**YOUR TASK:**
Pictures aside, repeat every entry exactly.

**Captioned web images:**
==============================

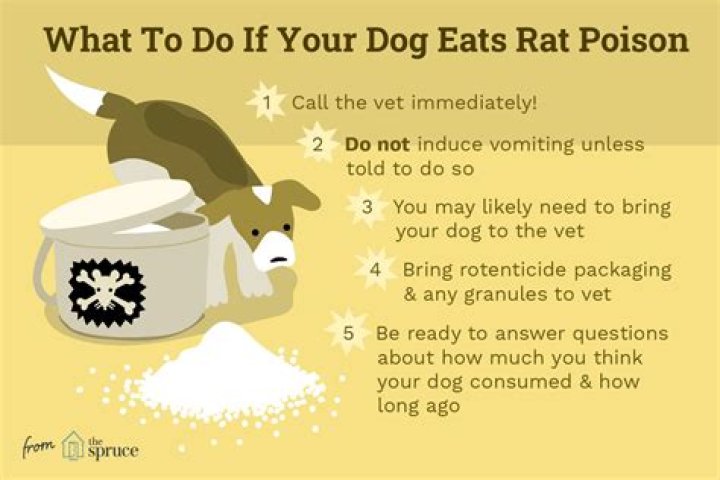 What happens if a dog eats a rat?
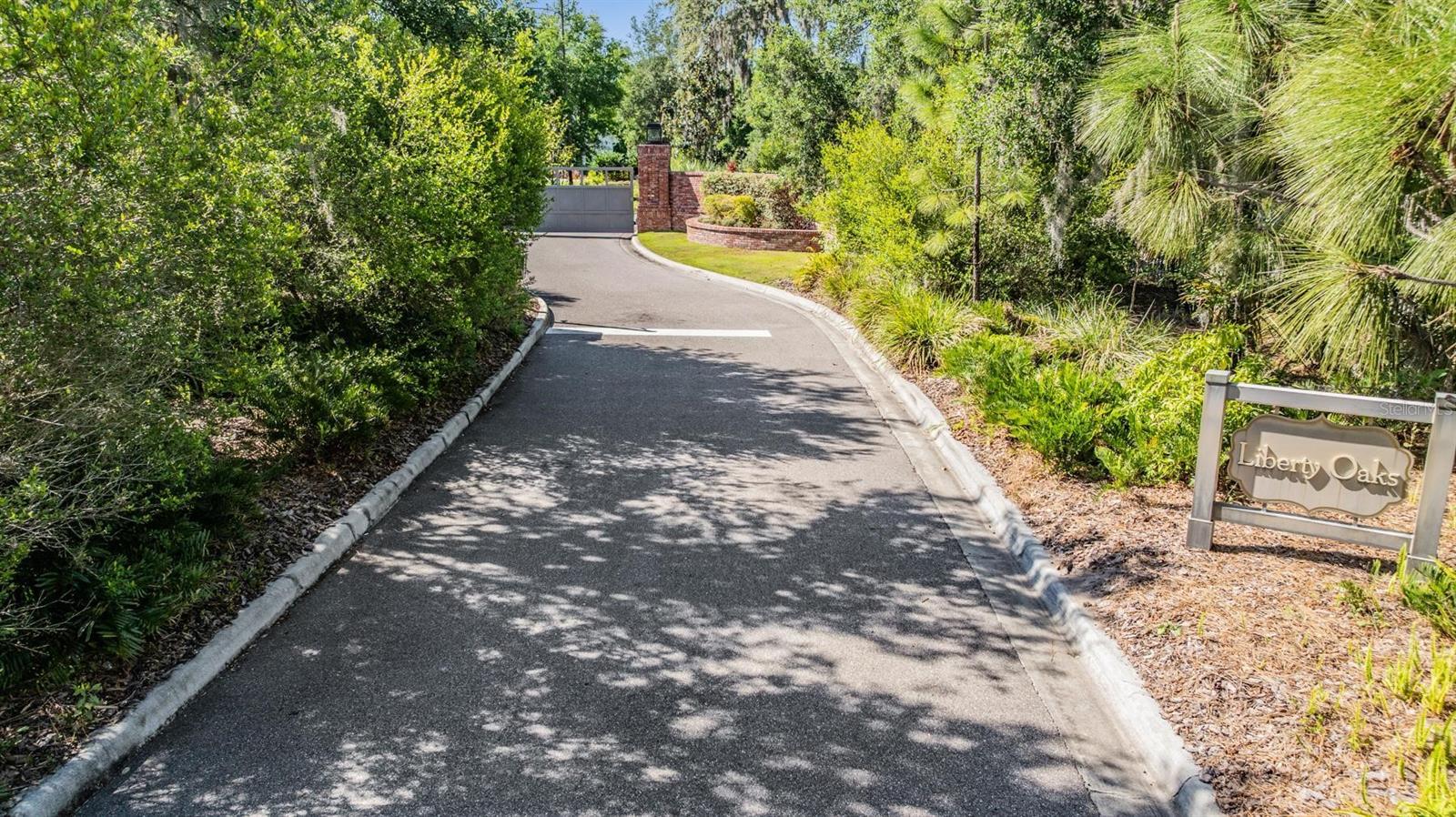 17712 ROYAL EAGLE LN, LUTZ, FL, 33549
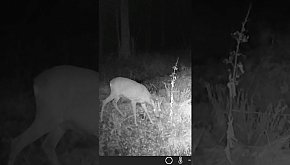 Kozioł nad potokiem - okiem...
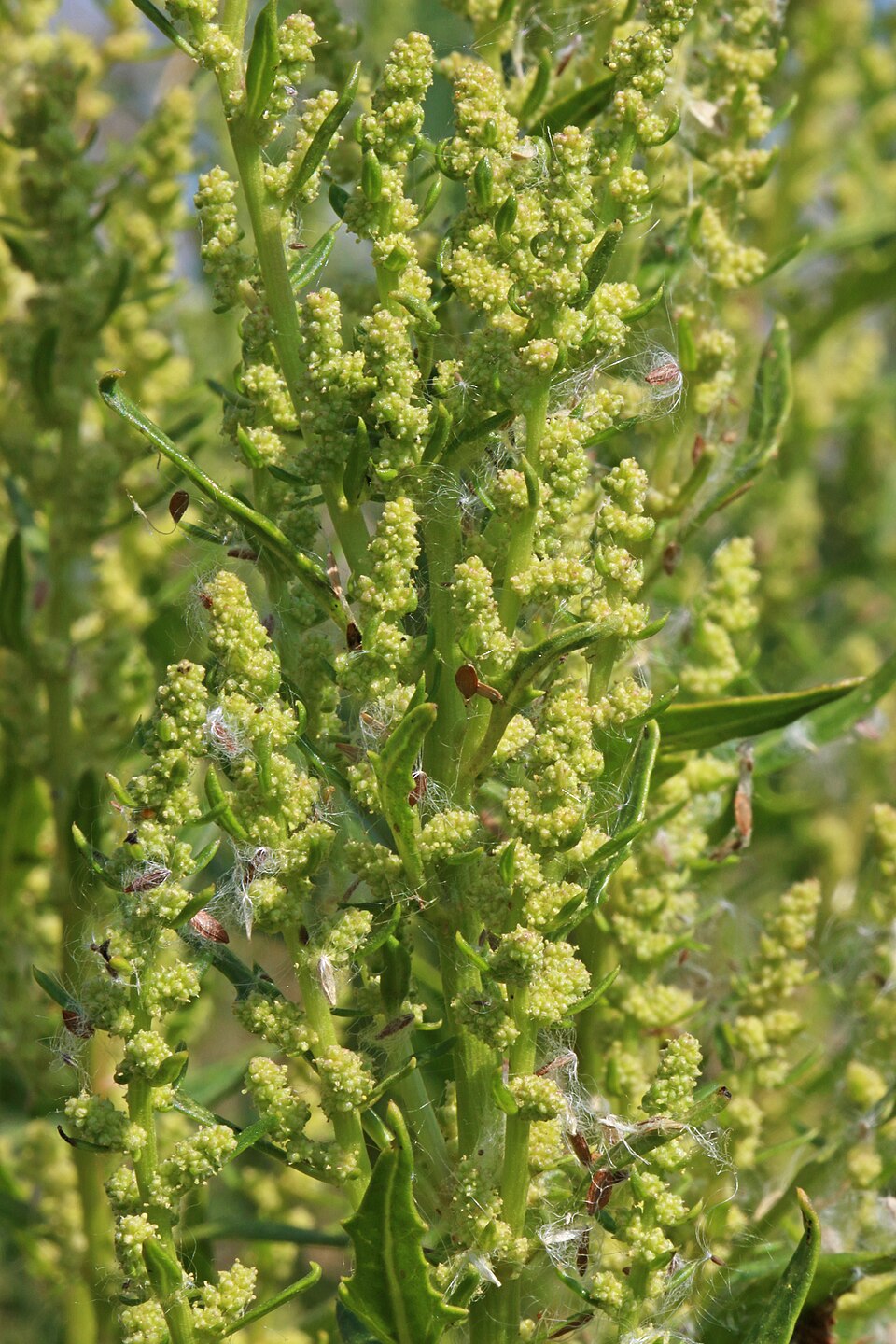 Oxybasis rubra (red pigweed) (alternate view 10)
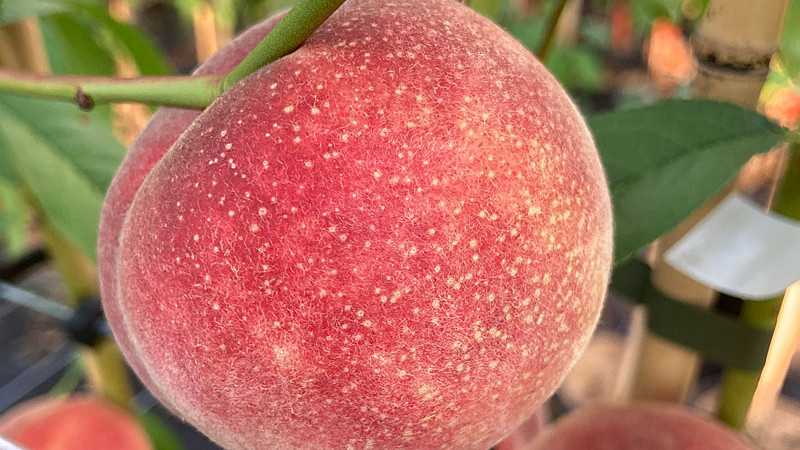 Spezielle Pfirsiche 2026: Flache & Rotfleischige Sorten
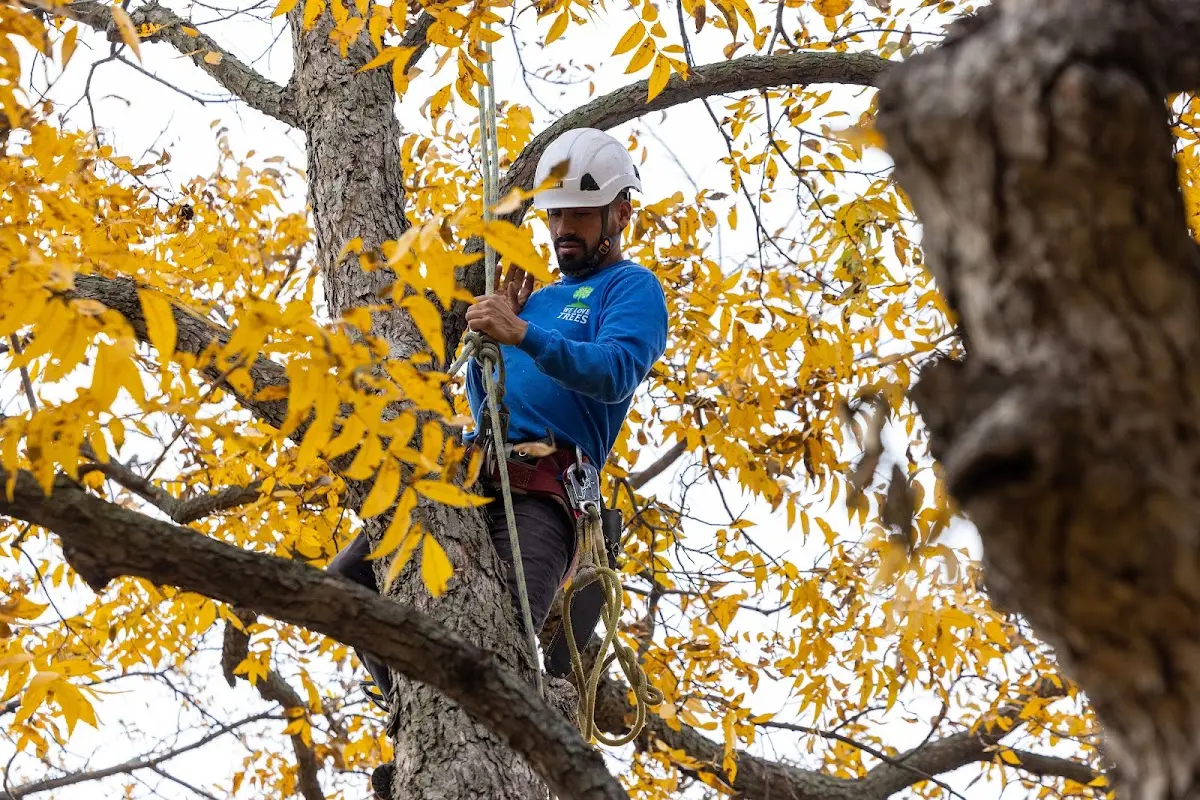 Skilled Tree Planting crew working in Belmont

==============================

**ANSWER:**
 What happens if a dog eats a rat?
 17712 ROYAL EAGLE LN, LUTZ, FL, 33549
 Kozioł nad potokiem - okiem...
 Oxybasis rubra (red pigweed) (alternate view 10)
 Spezielle Pfirsiche 2026: Flache & Rotfleischige Sorten
 Skilled Tree Planting crew working in Belmont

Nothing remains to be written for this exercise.